The miniseries follows Pierre Trudeau through the major events of his political mandates up to the patriation of the Canadian Constitution. A few of the major characters in the film (notably "Greenbaum" and "Duncan") are fictional, or composite characters.

It was filmed in various locations in Canada, but mainly in Halifax, Nova Scotia and at Parliament Hill in Ottawa. Distributed in both official languages English and French, the two episodes first aired on 31 March and 1 April 2002.

As background research, writer Wayne Grigsby spoke to numerous people who had known Trudeau, but the Trudeau family did not reply to the requests by the CBC.

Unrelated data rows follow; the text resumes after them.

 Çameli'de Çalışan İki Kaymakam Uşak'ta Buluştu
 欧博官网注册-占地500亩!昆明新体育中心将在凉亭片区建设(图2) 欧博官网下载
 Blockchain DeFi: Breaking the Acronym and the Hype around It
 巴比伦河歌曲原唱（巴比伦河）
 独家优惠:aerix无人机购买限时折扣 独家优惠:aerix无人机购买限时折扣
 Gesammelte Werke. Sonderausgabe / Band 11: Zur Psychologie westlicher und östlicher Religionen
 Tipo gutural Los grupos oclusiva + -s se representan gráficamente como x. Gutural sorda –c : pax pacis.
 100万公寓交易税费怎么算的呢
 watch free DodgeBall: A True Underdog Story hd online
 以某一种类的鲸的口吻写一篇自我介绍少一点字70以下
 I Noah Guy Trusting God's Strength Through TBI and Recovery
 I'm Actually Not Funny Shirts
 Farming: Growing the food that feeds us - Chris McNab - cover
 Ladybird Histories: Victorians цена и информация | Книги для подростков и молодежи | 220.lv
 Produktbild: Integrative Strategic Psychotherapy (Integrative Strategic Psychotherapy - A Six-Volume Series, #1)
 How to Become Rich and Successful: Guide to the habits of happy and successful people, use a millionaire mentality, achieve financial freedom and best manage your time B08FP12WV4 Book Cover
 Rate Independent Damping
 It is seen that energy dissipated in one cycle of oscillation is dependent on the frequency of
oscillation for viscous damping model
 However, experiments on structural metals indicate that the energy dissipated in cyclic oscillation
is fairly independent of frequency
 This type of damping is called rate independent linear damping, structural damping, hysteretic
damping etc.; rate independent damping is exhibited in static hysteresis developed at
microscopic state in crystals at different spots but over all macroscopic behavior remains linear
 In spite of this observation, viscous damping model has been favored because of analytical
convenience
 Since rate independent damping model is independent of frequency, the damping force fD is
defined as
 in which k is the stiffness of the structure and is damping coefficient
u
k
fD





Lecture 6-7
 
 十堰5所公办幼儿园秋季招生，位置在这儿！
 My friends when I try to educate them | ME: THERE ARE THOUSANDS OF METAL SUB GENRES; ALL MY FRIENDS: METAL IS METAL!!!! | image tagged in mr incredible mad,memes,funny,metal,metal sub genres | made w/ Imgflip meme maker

A prequel, Trudeau II: Maverick in the Making, came out in 2005, examining Trudeau's early life. This $8-million, four-hour CBC production was originally designed as a "double shoot," to be filmed in both French and English versions; however, it ended up being made in English only – even though most of the actors, including lead Stéphane Demers, are Québécois. (Demers inherits the role from Colm Feore, who was tied up playing the villain in The Chronicles of Riddick.)

Cast
Trudeau features Colm Feore in the title role. The cast includes Polly Shannon as Margaret Sinclair Trudeau, R.H. Thomson as Mitchell Sharp, Eric Peterson as T.C. (Tommy) Douglas, John Neville as the British high commissioner, Don McKellar as a communications consultant, Aidan Devine as a reporter, and Patrick McKenna as Trudeau's executive assistant.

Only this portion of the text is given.